Es gab natürlich keine, und der Autor brauchte auch keine. Leser von Forsyth Büchern kennen längst den Trick, brisante Zeitthemen, reale Figuren und präzise Lokalitäten mit Phantasien über korrupte Machtmaschinisten, globale Verschwörer, Söldner, Berufskiller und einen Alleskönner von Helden zu mixen. Das Ganze möchte Forsyth dann als „Faction“ verstanden wissen. Das wäre ja auch nicht weiter schlimm, wenn er nur nicht diese übergroße Neigung zur Authentizität dazu benützen würde, eine dünne Geschichte fett zu machen.

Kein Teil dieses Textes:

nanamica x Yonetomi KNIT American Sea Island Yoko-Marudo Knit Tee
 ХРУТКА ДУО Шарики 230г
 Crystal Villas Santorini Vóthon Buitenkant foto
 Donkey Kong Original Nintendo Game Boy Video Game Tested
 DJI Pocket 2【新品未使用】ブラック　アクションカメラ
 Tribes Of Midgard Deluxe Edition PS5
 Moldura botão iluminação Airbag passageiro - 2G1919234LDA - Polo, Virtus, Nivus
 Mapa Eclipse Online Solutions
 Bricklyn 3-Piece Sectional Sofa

In „Die Faust Gottes“ geht der Autor davon aus, daß Saddam eine Superkanone (Teile einer solchen Kanone sind sechs Monate vor der Invasion des Irak in Kuwait wirklich in Europa aufgetaucht) besitzt, mit der er Israel mit Nukleargeschossen treffen kann. Der Held der Geschichte (ein Held Schwarzkopfscher Prägung) ist natürlich ein Brite. Mike Martin ist Offizier der Eliteeinheit SAS und spricht perfekt Arabisch. Zuerst schickt Forsyth ihn nach Kuwait City, um den Widerstand dort aufzubauen, danach muß der Supermann in den Irak, um die Superkanone auszuschalten. Soweit die Story. Zwischen die Wege und Umwege des Helden werden dann obenerwähnte Details gepackt. Diese Anhäufung meist überflüssigen und längst bekannten Materials macht die Geschichte schwerfällig. Bei seitenlangen Beschreibungen der Schwierigkeiten beim Auffinden der Scud-Abschußrampen, bei der Erklärung der Rakete und anderer Waffensysteme, der Erläuterung des Stadtplans von Kuwait City, bei den peniblen Biographien verschiedener Protagonisten ist man geneigt, ganze Abschnitte rasch zu überblättern. Forsyth Umstandskrämerei, seine Detailgenauigkeit im Unwesentlichen, bremst die Spannung ab, die stellenweise durchaus vorhanden ist.

Unterrichtete Kreise

In „Die Faust Gottes“ wurde immer wieder auf den brillanten Rechercheur Frederick Forsyth hingewiesen, der „die Lügen des Golfkriegs“ entlarvt. Aber die Lügen hatten längst andere vor ihm entlarvt. In Bagdad selbst ist der Autor nicht gewesen, woraus man ihm keinen Vorwurf machen kann.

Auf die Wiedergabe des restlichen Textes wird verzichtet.